[MATERIAL FOR THIS TASK — start]
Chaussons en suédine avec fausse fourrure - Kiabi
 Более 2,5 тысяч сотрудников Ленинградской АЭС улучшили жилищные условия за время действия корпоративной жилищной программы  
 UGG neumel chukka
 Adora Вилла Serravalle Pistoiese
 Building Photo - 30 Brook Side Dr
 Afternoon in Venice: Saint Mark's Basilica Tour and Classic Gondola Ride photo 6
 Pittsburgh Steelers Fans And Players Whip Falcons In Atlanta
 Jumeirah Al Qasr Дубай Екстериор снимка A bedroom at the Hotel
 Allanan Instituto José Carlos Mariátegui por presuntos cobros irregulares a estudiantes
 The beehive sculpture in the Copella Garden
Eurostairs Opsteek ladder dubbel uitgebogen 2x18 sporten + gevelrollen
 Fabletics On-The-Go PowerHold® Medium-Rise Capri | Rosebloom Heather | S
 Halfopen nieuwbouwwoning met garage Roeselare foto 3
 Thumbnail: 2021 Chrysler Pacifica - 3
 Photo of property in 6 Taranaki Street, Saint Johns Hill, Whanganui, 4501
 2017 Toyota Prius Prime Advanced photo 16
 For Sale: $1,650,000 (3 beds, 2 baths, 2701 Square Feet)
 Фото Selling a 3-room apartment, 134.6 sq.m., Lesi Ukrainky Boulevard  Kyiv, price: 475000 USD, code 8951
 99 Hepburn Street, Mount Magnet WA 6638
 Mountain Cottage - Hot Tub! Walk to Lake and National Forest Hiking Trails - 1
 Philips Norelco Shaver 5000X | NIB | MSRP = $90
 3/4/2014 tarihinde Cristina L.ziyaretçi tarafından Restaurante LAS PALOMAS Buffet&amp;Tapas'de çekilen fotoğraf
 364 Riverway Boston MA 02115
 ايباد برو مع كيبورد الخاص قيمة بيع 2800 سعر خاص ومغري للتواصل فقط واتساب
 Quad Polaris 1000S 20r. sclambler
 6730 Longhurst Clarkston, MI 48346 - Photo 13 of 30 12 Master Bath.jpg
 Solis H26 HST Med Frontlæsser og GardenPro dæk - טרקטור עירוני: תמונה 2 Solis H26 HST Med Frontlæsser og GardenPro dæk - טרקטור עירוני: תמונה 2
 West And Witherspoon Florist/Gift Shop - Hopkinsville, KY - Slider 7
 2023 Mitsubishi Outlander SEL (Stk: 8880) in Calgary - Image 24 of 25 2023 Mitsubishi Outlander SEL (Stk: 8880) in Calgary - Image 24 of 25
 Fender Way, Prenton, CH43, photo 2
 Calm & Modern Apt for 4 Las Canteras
[MATERIAL FOR THIS TASK — finish]
**WHAT TO DO:** Starting at the line above that contains "Thumbnail: 2021 Chrysler Pacifica - 3", write out each line exactly until the line that contains "Philips Norelco Shaver" has been written, and stop there.

**RESPONSE TO THE TASK:**
 Thumbnail: 2021 Chrysler Pacifica - 3
 Photo of property in 6 Taranaki Street, Saint Johns Hill, Whanganui, 4501
 2017 Toyota Prius Prime Advanced photo 16
 For Sale: $1,650,000 (3 beds, 2 baths, 2701 Square Feet)
 Фото Selling a 3-room apartment, 134.6 sq.m., Lesi Ukrainky Boulevard  Kyiv, price: 475000 USD, code 8951
 99 Hepburn Street, Mount Magnet WA 6638
 Mountain Cottage - Hot Tub! Walk to Lake and National Forest Hiking Trails - 1
 Philips Norelco Shaver 5000X | NIB | MSRP = $90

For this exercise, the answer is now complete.